**Input:**
⟨

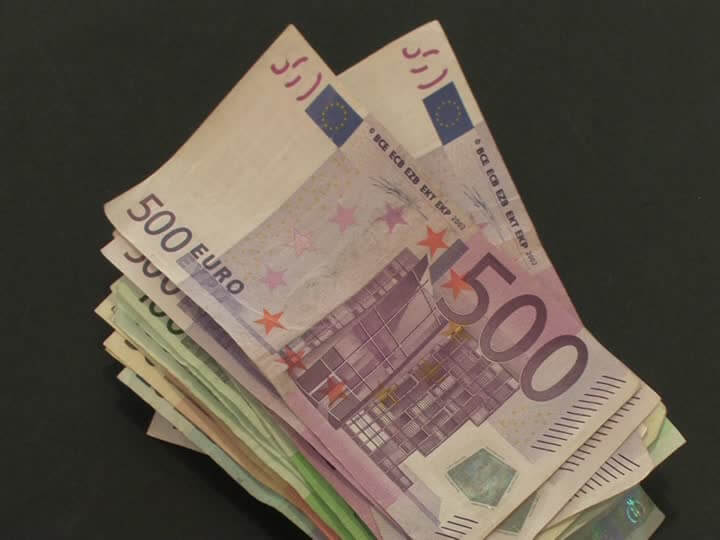 Slovenija povećava minimalnu platu na 736 eura
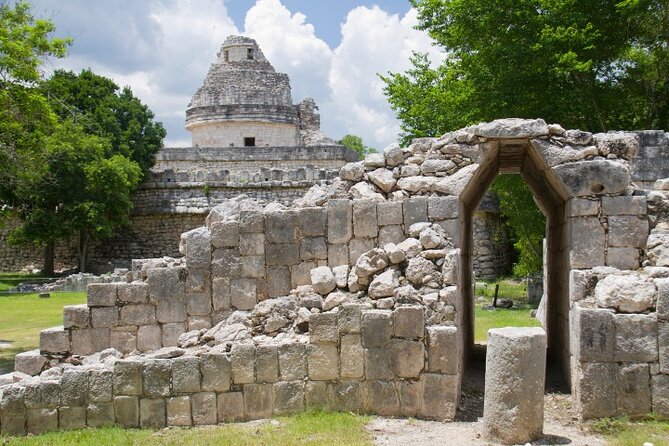 Early morning Chichen Itza Tour: Cenote and Tequila Tasting - Guides and drivers: what makes the difference on a day this long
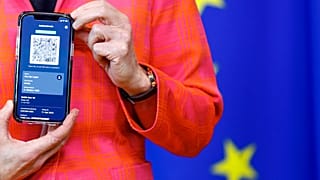 Az Európai Bizottság elnöke bemutatja a digitális uniós védettségi igazolványt 2021. június 16-án
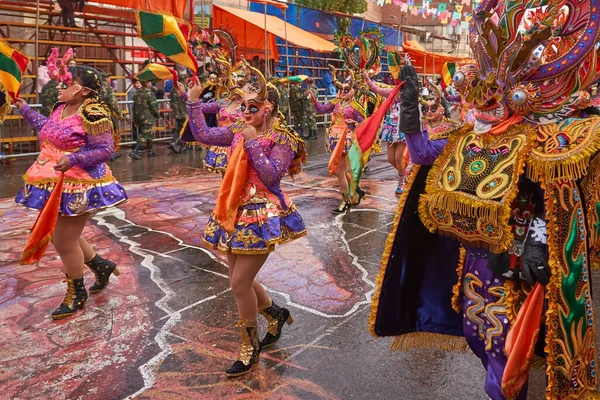 Oruro Bolivia Febrero 2017 Bailarinas Diabladas Trajes Ornamentados Desfilan Por —  Fotos de Stock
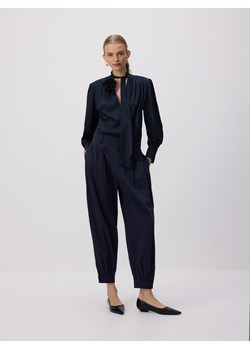 Reserved - Spodnie z domieszką wełny - granatowy ze sklepu Reserved w kategorii Spodnie damskie - zdjęcie 188535828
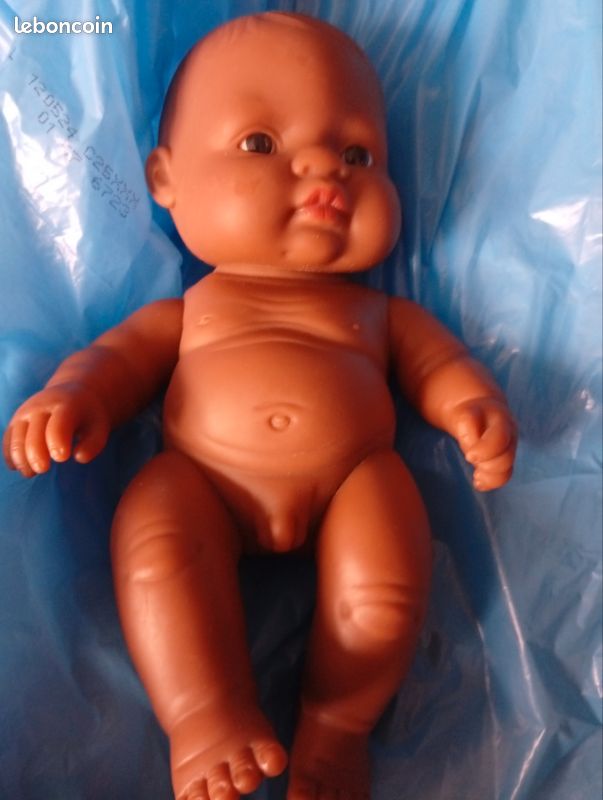 Poupon de petite taille (image 1)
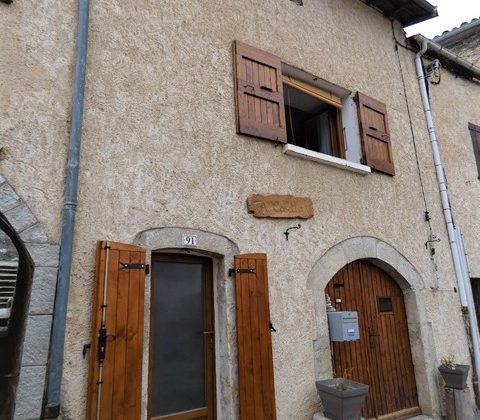 Maison de village rénovée – m1657 – 05140 ASPREMONT Maison de village rénovée – m1657 – 05140 ASPREMONT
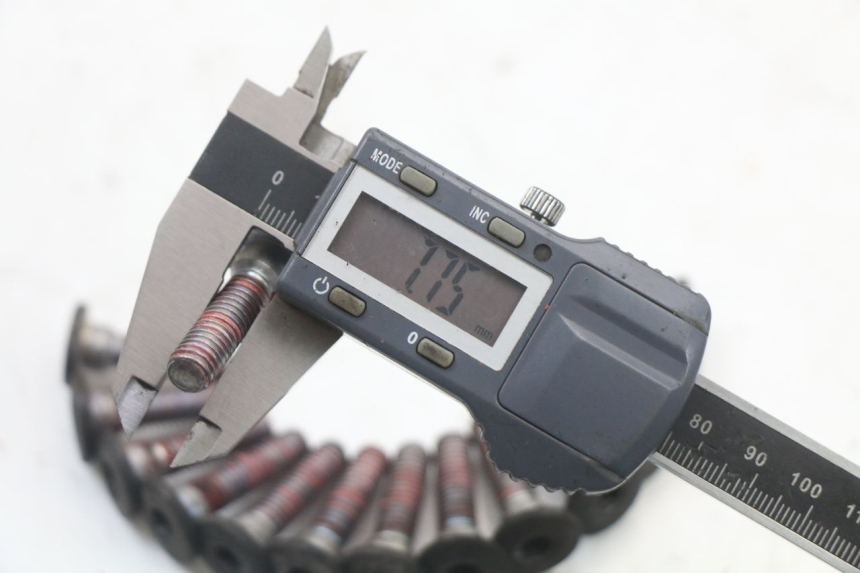 photo de BRAKE DISC BOLT KAWASAKI ZR7 ZR-7 S 750 (1999 - 2004) - Alternative perspective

⟩

**Task directions:**
Pictures stay out; copy every entry above exactly.

**Answer space:**
 Slovenija povećava minimalnu platu na 736 eura
 Early morning Chichen Itza Tour: Cenote and Tequila Tasting - Guides and drivers: what makes the difference on a day this long
 Az Európai Bizottság elnöke bemutatja a digitális uniós védettségi igazolványt 2021. június 16-án
 Oruro Bolivia Febrero 2017 Bailarinas Diabladas Trajes Ornamentados Desfilan Por —  Fotos de Stock
 Reserved - Spodnie z domieszką wełny - granatowy ze sklepu Reserved w kategorii Spodnie damskie - zdjęcie 188535828
 Poupon de petite taille (image 1)
 Maison de village rénovée – m1657 – 05140 ASPREMONT Maison de village rénovée – m1657 – 05140 ASPREMONT
 photo de BRAKE DISC BOLT KAWASAKI ZR7 ZR-7 S 750 (1999 - 2004) - Alternative perspective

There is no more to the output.